2. The first two years of college curriculum cover what educators call the “General Education”(gen ed) core. Regional accrediting bodies in American require these courses. Notice what these requirements are called – general education. What this means is that how individual colleges fulfill these requirements are general, that is, about the same in every college. This means that you can take these requirements about anywhere, including at a low cost community college, and then transfer those credits to the college of your all important area of concentration. Not every college will accept credits from just any school, but many do. The facts you need to know are which colleges will accept what transfer credits from what source. You need to ask. Don’t just enroll.

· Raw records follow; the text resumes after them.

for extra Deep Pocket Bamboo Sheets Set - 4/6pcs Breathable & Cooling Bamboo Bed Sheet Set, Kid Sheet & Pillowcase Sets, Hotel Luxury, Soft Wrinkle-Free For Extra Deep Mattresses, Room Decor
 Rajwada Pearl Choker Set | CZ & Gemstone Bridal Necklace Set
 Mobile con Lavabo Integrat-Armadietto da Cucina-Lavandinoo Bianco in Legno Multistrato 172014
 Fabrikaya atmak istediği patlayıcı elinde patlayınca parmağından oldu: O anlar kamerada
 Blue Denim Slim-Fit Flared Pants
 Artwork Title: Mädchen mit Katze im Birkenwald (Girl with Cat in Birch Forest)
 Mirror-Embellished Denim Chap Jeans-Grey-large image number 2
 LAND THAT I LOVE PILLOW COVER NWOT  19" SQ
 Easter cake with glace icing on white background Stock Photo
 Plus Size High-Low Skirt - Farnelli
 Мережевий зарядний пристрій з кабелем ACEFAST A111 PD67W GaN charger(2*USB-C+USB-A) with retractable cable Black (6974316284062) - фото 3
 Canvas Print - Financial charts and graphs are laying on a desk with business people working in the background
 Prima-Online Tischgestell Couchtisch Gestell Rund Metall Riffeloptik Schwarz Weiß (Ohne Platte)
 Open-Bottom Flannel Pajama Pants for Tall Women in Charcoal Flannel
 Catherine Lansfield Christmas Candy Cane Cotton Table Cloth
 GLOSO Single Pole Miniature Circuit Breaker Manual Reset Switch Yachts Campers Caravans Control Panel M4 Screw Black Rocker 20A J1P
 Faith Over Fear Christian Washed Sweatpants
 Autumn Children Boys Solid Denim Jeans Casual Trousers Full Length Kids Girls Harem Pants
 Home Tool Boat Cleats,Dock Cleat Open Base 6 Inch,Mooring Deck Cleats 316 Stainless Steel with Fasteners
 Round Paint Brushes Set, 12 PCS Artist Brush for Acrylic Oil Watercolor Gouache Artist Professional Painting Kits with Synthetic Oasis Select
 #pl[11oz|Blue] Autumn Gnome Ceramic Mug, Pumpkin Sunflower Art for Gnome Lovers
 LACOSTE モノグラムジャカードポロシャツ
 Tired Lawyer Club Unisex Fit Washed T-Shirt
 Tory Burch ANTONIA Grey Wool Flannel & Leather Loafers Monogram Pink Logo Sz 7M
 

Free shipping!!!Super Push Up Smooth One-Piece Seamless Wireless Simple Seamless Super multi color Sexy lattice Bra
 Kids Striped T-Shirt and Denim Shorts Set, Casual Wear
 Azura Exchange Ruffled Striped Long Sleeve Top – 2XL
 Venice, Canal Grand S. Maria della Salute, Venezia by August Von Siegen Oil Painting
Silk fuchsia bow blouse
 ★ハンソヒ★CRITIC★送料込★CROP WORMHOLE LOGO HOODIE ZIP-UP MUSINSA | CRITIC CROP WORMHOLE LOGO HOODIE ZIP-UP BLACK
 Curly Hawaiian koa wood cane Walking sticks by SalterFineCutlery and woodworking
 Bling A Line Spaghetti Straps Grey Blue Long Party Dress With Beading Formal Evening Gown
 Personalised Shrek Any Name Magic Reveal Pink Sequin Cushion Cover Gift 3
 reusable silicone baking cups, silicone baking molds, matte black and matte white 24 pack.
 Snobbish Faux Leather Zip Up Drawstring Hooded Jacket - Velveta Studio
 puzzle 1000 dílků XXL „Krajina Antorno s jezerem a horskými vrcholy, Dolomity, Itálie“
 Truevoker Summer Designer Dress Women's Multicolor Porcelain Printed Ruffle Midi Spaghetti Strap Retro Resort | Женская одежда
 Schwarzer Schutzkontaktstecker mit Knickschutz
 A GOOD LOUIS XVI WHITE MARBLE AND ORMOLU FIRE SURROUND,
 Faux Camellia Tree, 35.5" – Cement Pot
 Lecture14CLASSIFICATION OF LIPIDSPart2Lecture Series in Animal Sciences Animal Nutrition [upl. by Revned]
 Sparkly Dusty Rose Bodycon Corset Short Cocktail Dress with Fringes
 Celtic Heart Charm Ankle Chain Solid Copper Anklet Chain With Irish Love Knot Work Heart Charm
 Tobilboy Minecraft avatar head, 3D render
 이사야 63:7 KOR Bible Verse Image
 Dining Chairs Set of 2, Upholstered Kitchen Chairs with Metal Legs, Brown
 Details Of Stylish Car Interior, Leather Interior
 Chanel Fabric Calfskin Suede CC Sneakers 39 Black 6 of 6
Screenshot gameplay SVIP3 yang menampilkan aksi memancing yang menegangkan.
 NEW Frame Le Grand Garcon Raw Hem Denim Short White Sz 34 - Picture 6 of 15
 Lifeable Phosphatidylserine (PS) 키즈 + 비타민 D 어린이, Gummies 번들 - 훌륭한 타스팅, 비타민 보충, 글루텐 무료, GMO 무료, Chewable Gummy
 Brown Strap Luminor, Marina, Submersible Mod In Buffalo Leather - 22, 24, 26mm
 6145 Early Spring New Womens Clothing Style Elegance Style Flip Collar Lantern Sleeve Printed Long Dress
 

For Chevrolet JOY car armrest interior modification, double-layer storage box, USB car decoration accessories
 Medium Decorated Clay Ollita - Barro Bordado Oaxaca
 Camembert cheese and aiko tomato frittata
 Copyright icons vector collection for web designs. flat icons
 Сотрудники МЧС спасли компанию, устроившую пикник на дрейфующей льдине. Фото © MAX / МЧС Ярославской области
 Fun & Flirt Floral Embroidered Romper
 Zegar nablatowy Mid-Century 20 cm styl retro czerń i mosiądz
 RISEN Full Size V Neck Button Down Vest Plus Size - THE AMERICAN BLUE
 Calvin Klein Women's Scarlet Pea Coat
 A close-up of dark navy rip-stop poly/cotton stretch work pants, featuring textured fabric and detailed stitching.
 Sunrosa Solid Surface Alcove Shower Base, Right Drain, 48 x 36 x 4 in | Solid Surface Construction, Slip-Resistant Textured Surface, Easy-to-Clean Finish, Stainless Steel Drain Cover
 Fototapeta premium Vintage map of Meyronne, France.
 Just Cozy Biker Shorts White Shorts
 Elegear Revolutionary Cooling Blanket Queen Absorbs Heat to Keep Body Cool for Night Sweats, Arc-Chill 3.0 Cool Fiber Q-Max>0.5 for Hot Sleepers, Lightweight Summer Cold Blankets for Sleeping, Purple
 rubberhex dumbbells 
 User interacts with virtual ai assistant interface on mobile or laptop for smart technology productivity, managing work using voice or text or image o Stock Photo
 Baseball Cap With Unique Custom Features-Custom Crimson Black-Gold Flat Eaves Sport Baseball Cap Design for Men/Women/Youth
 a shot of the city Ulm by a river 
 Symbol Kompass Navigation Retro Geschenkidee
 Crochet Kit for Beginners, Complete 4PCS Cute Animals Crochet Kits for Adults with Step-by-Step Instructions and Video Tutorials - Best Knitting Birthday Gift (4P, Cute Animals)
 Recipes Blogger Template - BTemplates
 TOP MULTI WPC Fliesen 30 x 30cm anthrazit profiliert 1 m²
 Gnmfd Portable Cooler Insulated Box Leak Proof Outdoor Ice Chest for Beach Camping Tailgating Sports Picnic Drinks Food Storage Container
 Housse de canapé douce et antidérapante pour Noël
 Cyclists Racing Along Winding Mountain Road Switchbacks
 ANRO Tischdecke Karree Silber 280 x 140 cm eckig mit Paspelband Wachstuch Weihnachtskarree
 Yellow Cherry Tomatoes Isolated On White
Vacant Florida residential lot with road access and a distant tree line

3. Many college students incur excess debt through what I call Major, Major, Major. This happens when you enroll in college, take high cost gen ed, randomly select a major, decide its not for you, then select a second major and even a third major. Every time you do this you take longer to graduate and in so doing, increase your student debt. To avoid this, you need the facts about what career fits “who you are”. The career choices are detailed on O*NET

The President is right that an education is the most important thing you can do for yourself and your loved ones. But the Buzz Today insert states a false choice. There are alternatives to high debt or no degree. You just have to have the facts to make the right choices before you incur student debt.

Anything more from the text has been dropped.